— What you have to do —
Each line from the one that holds "Mignonne blouse en" to the end of the entries is to be given again exactly. Do not include pictures.
*** Opening of Task input ***
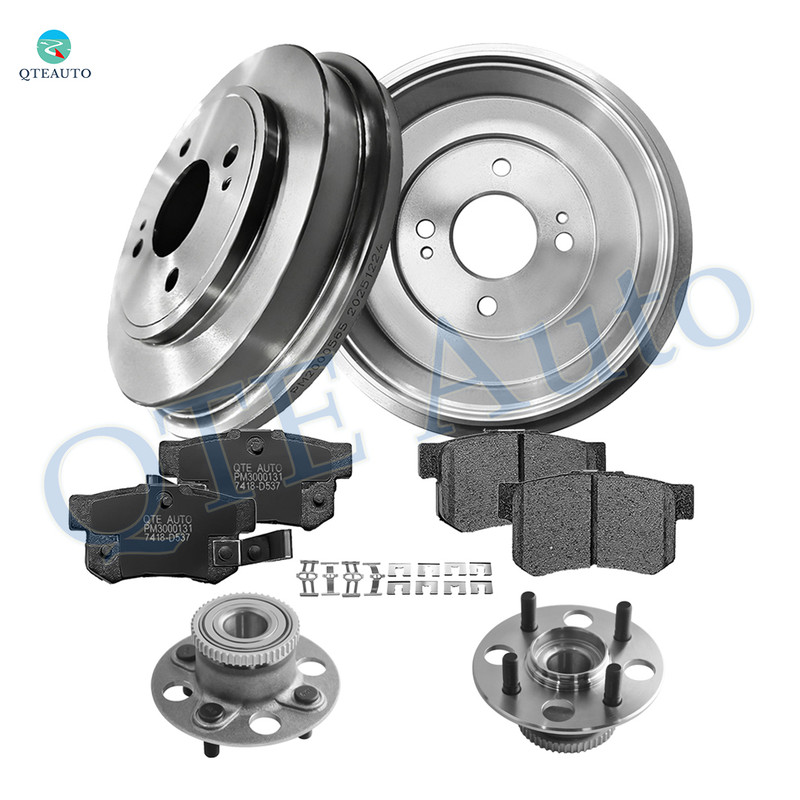 Set of 8 Rear 246mm Brake Drum-Wheel Hub Bearing Assembly-Ceramic Brake Pad Kit For 2002 2003 2005 Honda Civic 4-Wheel ABS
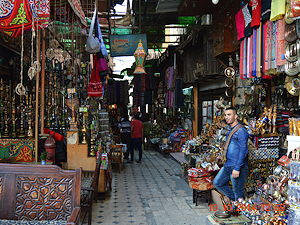One of the alleys at Khan el-Khalili market in Cairo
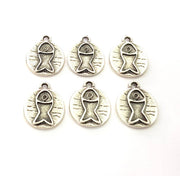 10 Fish Charm Silver Charms Antique Silver Plated Metal (13mm) G11806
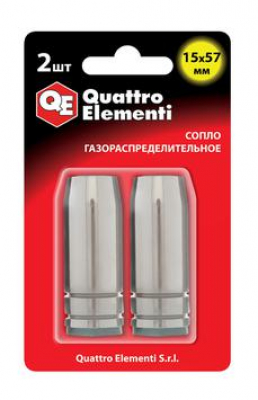 Сопло газораспределительное QUATTRO ELEMENTI 15 х 57 мм (2 шт) в блистере, для горелки полуавтомата МОТОУДАЧА. Магазин мототехники и садового инвентаря с доставкой по всей России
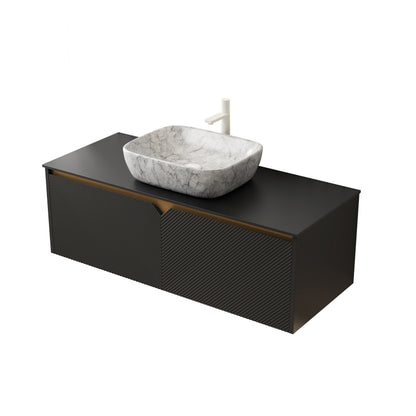 RUBEN 48" Wall-Mounted Black Plywood Cabinet and Black Sintered Stone Countertop, NO Basin, NO Faucet and Sink Cover image 5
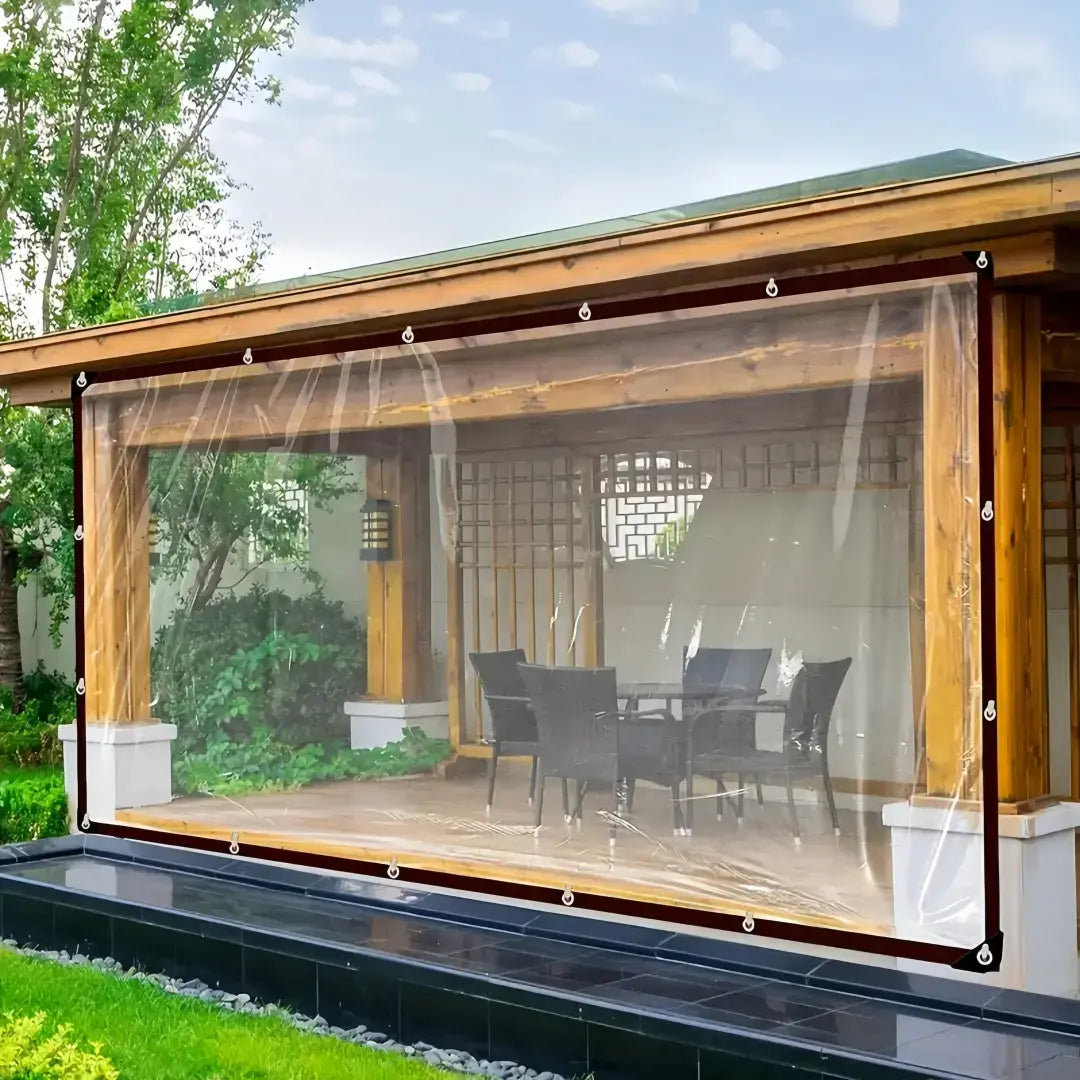 7*10FT PE Heavy-Duty Waterproof Clear Tarps with Grommets - Durable Transparent Outdoor Cover for Camping, Patios, Garden Plants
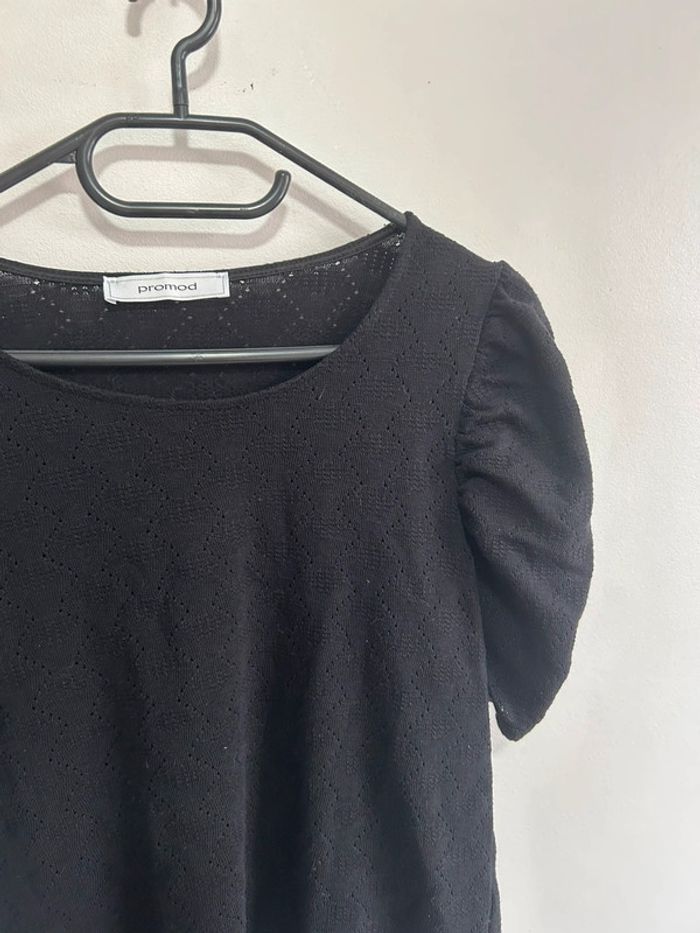 Mignonne blouse en dentelle manches courtes / bouffantes • noir • promod • taille M - photo numéro 2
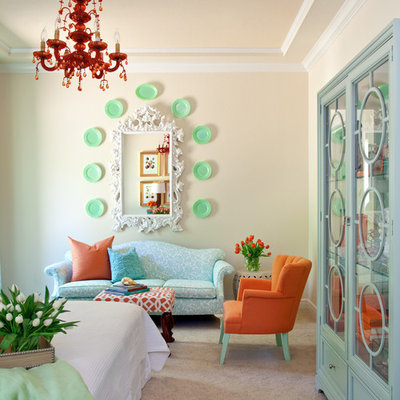 Small eclectic guest carpeted and beige floor bedroom photo in Little Rock with beige walls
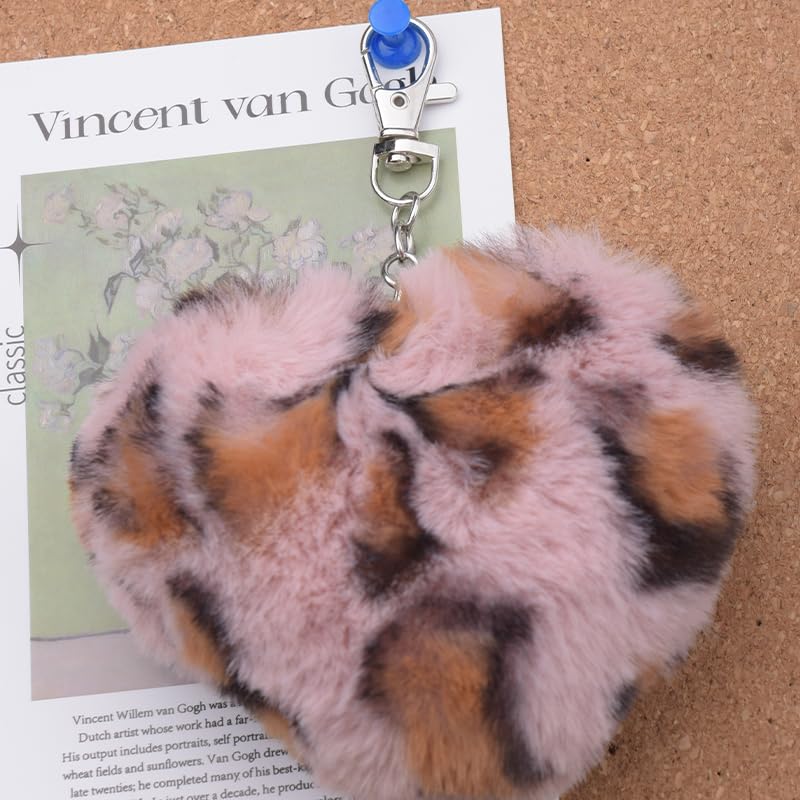 Leopard Faux Fur Keychain for Purse Charms for Handbags Leopard Plush Key Chain for Car Keys - color: Color 8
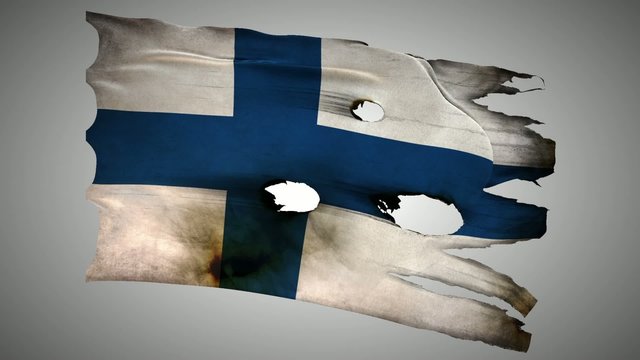 Finland perforated, burned, grunge waving flag loop alpha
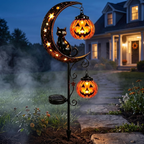 Pumpkin Moon Garden Stake Light, Solar Black Cat Pumpkin Halloween Outdoor Decoration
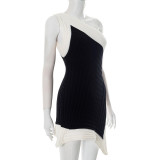 Sexy Color Block Split Irregular Dress GSBD-J25DS068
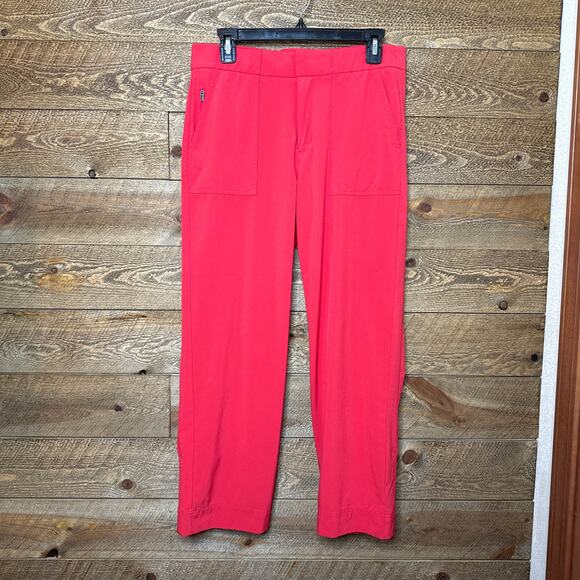 Athleta Tribeca Utility Crop Pants Red Stretch Size 6 - Picture 4 of 9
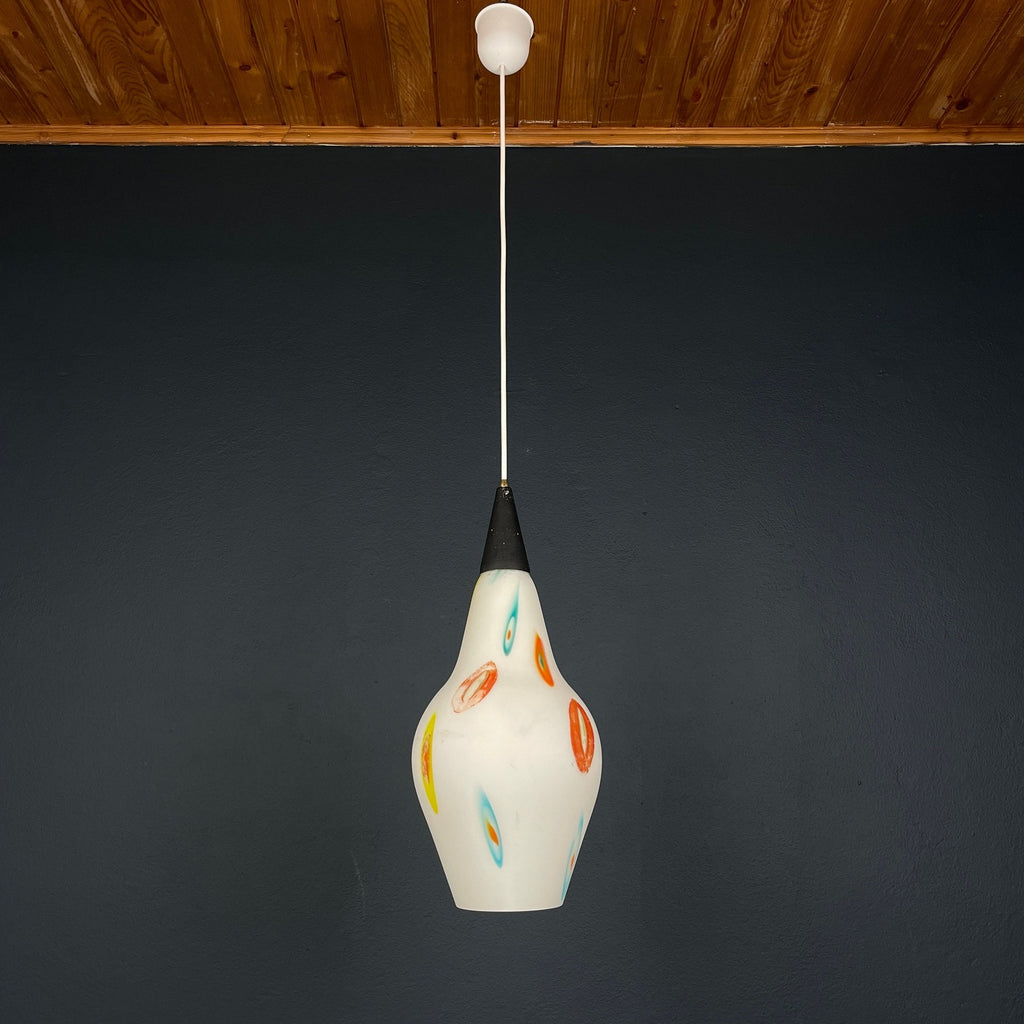 Mid-century multicolor opaline murano glass pendant lamp by Stilnovo Italy 1950s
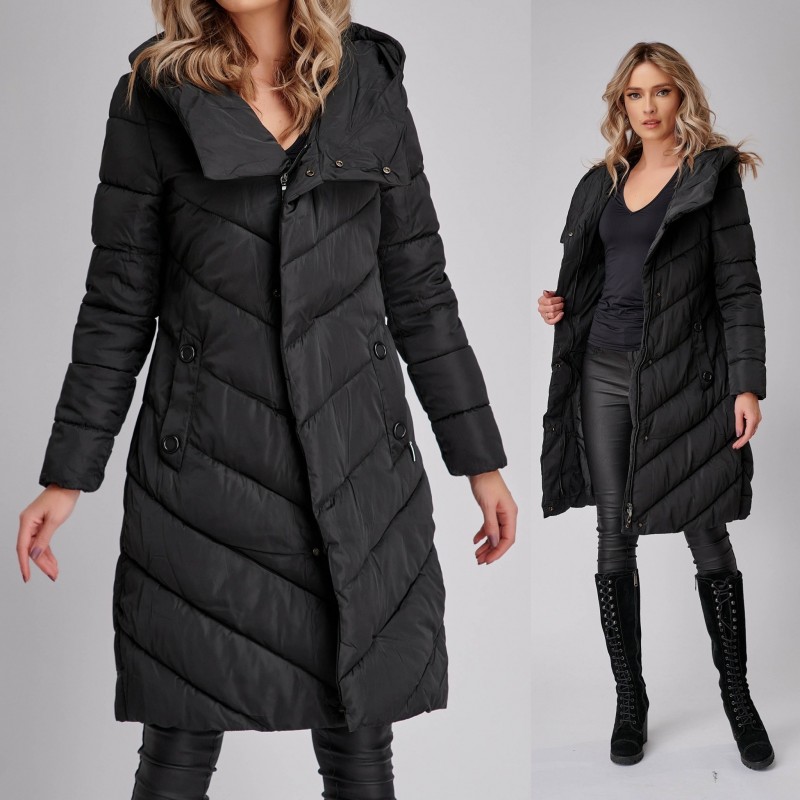 Geaca neagra groasa, lunga cu buzunare si gluga - Nadia 04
*** Close of Task input ***
— The answer —
 Mignonne blouse en dentelle manches courtes / bouffantes • noir • promod • taille M - photo numéro 2
 Small eclectic guest carpeted and beige floor bedroom photo in Little Rock with beige walls
 Leopard Faux Fur Keychain for Purse Charms for Handbags Leopard Plush Key Chain for Car Keys - color: Color 8
 Finland perforated, burned, grunge waving flag loop alpha
 Pumpkin Moon Garden Stake Light, Solar Black Cat Pumpkin Halloween Outdoor Decoration
 Sexy Color Block Split Irregular Dress GSBD-J25DS068
 Athleta Tribeca Utility Crop Pants Red Stretch Size 6 - Picture 4 of 9
 Mid-century multicolor opaline murano glass pendant lamp by Stilnovo Italy 1950s
 Geaca neagra groasa, lunga cu buzunare si gluga - Nadia 04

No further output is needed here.